Task instructions: All of the data should be repeated exactly; pictures are not part of the copy.

Exercise data:
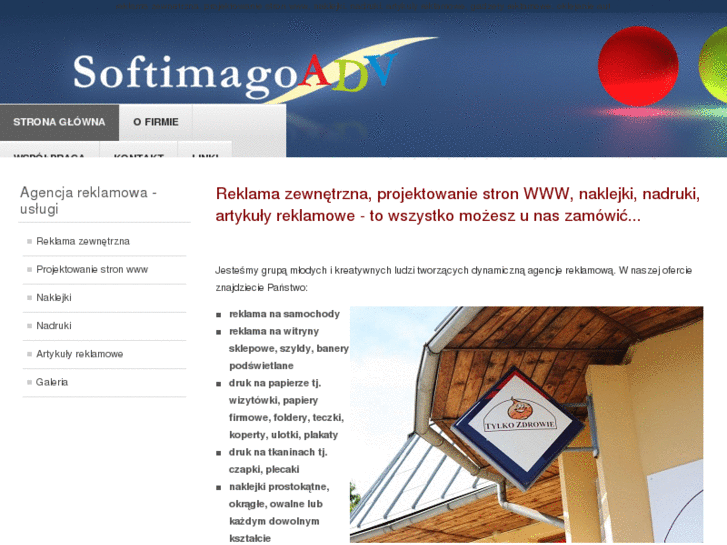 www.softimagoadv.com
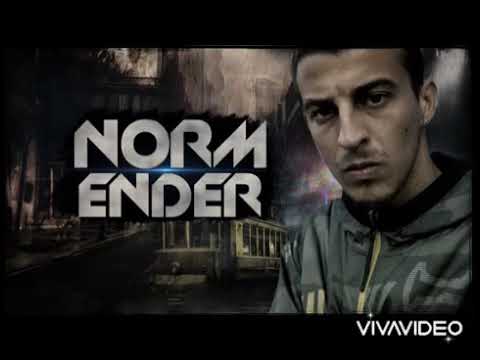 Norm Ender - Kinim ( İlk Şarkısı - 2002 ) isimli mp3 dönüştürüldü.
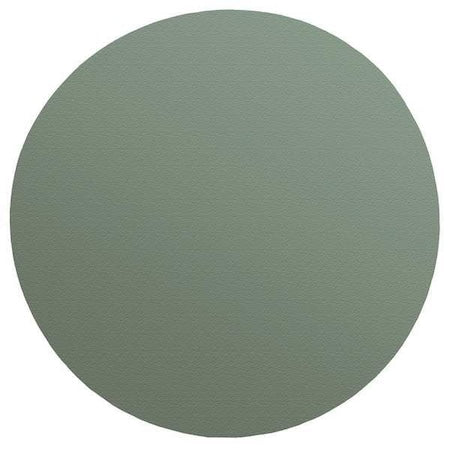 Gator Finishing Sanding Abrasive 11035035 - product photo 1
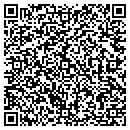 QR code with Bay State Tree Service contacts
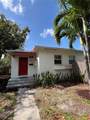 150 59th St - Photo 29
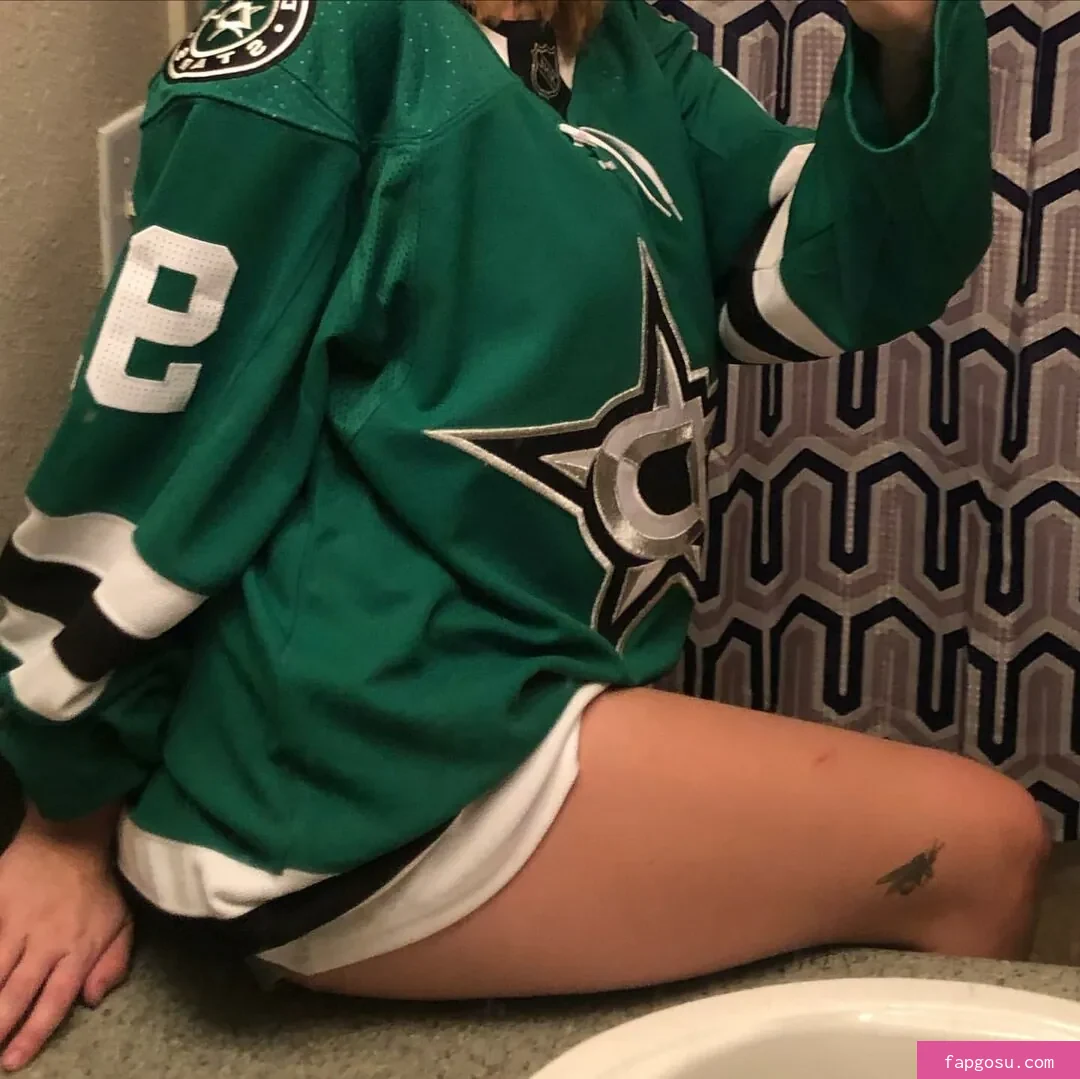 Megan Bitchell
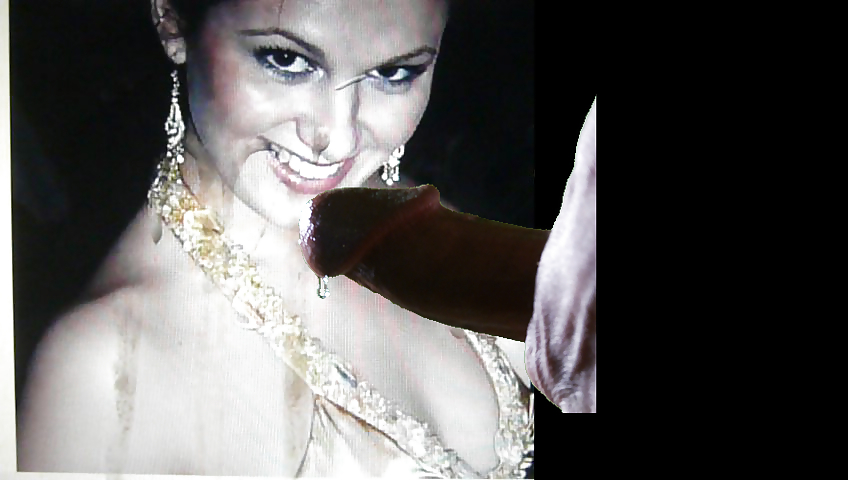 another tribute to jizzslutamanda adult photos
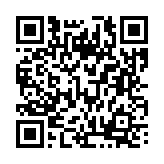 군정소식 페이지 바로가기 주소(https://business.jangseong.go.kr/q/ezMxMDR8MTcwODV8c2hvd3x9&e=M&s=3), QRCODE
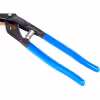 Клещи переставные 300 мм, CR-V самофиксирующиеся КОБАЛЬТ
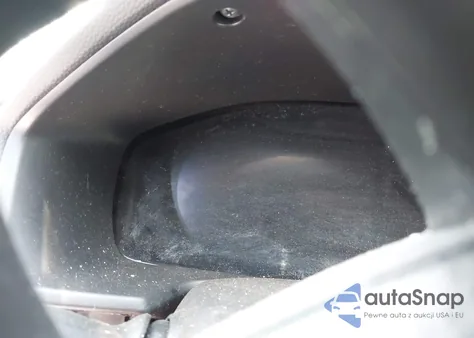 2019 Honda Accord Lx z USA, uszkodzony, nr VIN 1HGCV1F10KA151231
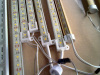 LED strip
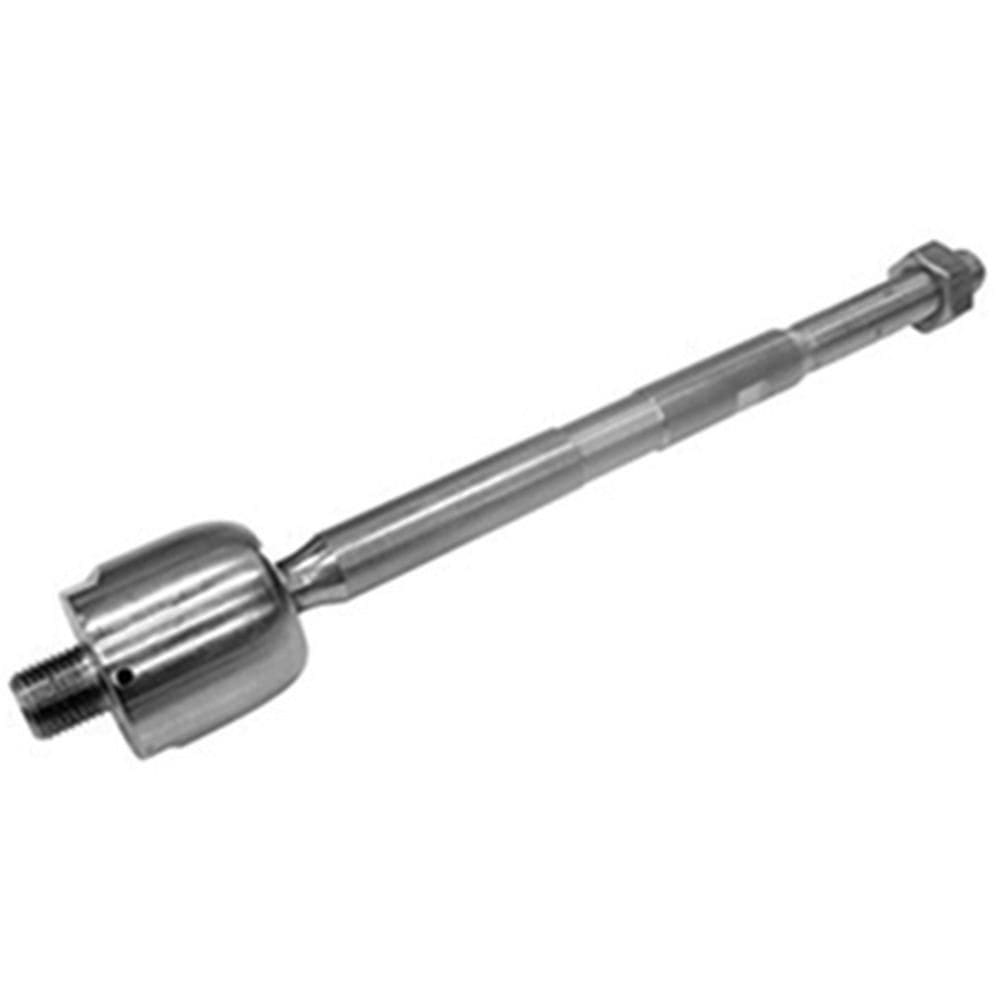Terminal Axial Diant. - Dir./esq. Hidráulica - Ford Explorer 95 à 00 - Ranger Gi 98 à 12 [F103]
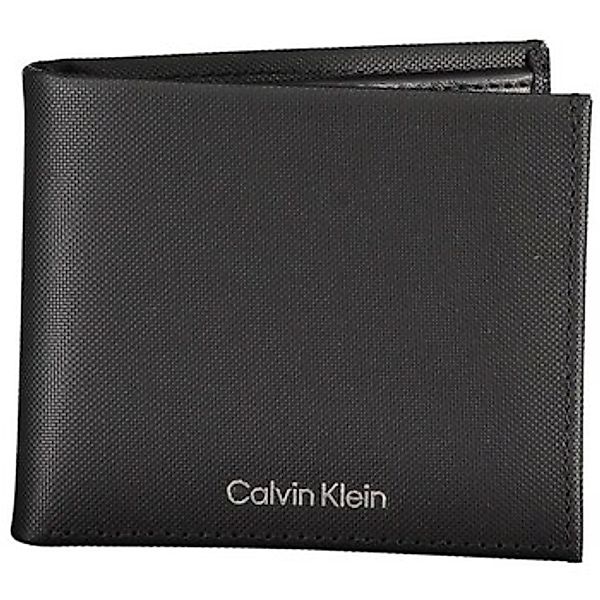 Calvin Klein Jeans  Geldbeutel k50k511383 günstig online kaufen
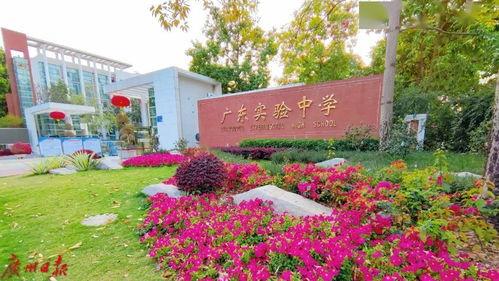 广东实验中学吃瓜,揭秘校园“吃瓜”文化背后的故事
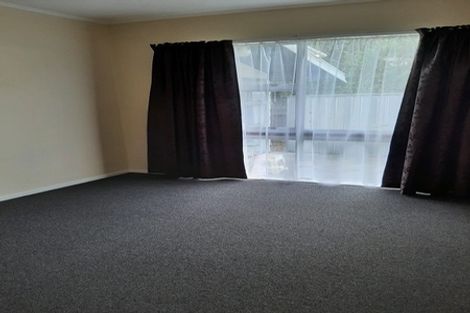 Photo of property in 20 Rennie Avenue, Milson, Palmerston North, 4414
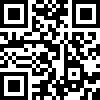 https://ha.abna24.com/xbPkb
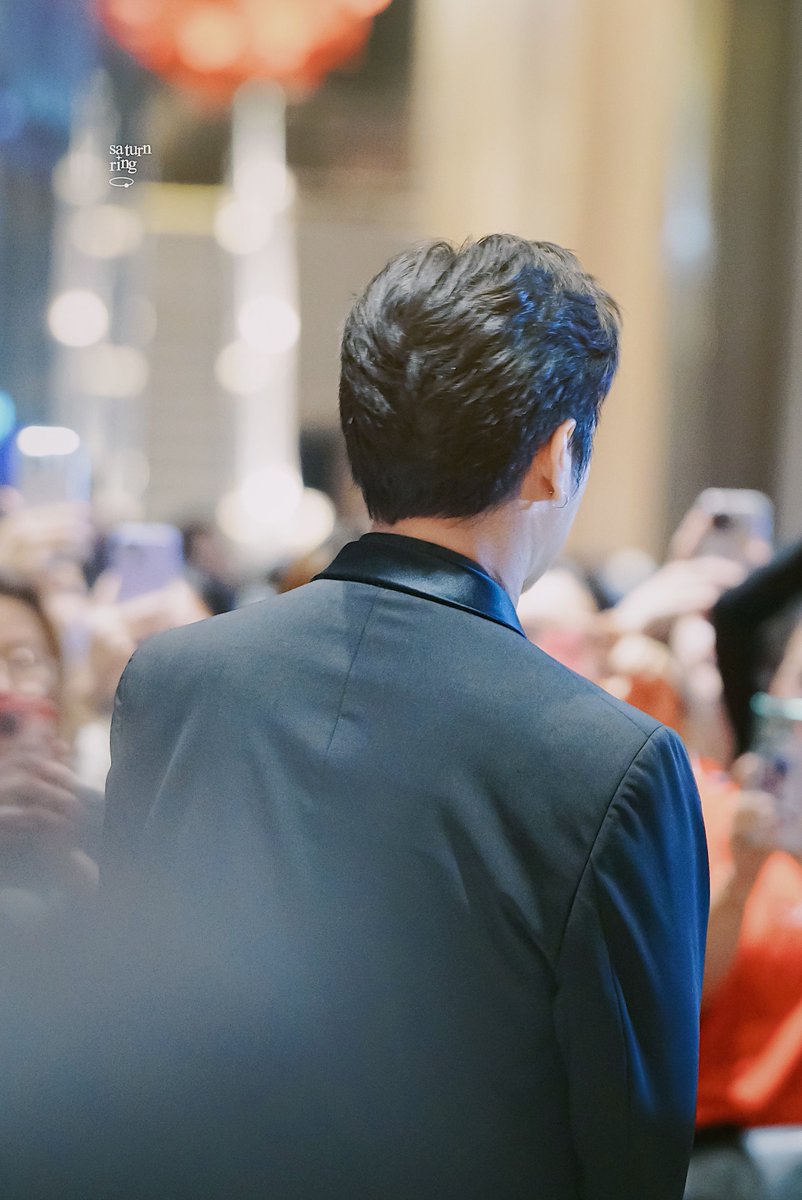 จะคอยยินดีกับแจมเสมอนะคับบบ 💗

JAM X 20THKOMCHADLUEK
#คมชัดลึกอวอร์ดครั้งที่20 
#แจมรชตะ #JamRachata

Solution:
 www.softimagoadv.com
 Norm Ender - Kinim ( İlk Şarkısı - 2002 ) isimli mp3 dönüştürüldü.
 Gator Finishing Sanding Abrasive 11035035 - product photo 1
 QR code with Bay State Tree Service contacts
 150 59th St - Photo 29
 Megan Bitchell
 another tribute to jizzslutamanda adult photos
 군정소식 페이지 바로가기 주소(https://business.jangseong.go.kr/q/ezMxMDR8MTcwODV8c2hvd3x9&e=M&s=3), QRCODE
 Клещи переставные 300 мм, CR-V самофиксирующиеся КОБАЛЬТ
 2019 Honda Accord Lx z USA, uszkodzony, nr VIN 1HGCV1F10KA151231
 LED strip
Terminal Axial Diant. - Dir./esq. Hidráulica - Ford Explorer 95 à 00 - Ranger Gi 98 à 12 [F103]
 Calvin Klein Jeans  Geldbeutel k50k511383 günstig online kaufen
 广东实验中学吃瓜,揭秘校园“吃瓜”文化背后的故事
 Photo of property in 20 Rennie Avenue, Milson, Palmerston North, 4414
 https://ha.abna24.com/xbPkb
 จะคอยยินดีกับแจมเสมอนะคับบบ 💗

JAM X 20THKOMCHADLUEK
#คมชัดลึกอวอร์ดครั้งที่20 
#แจมรชตะ #JamRachata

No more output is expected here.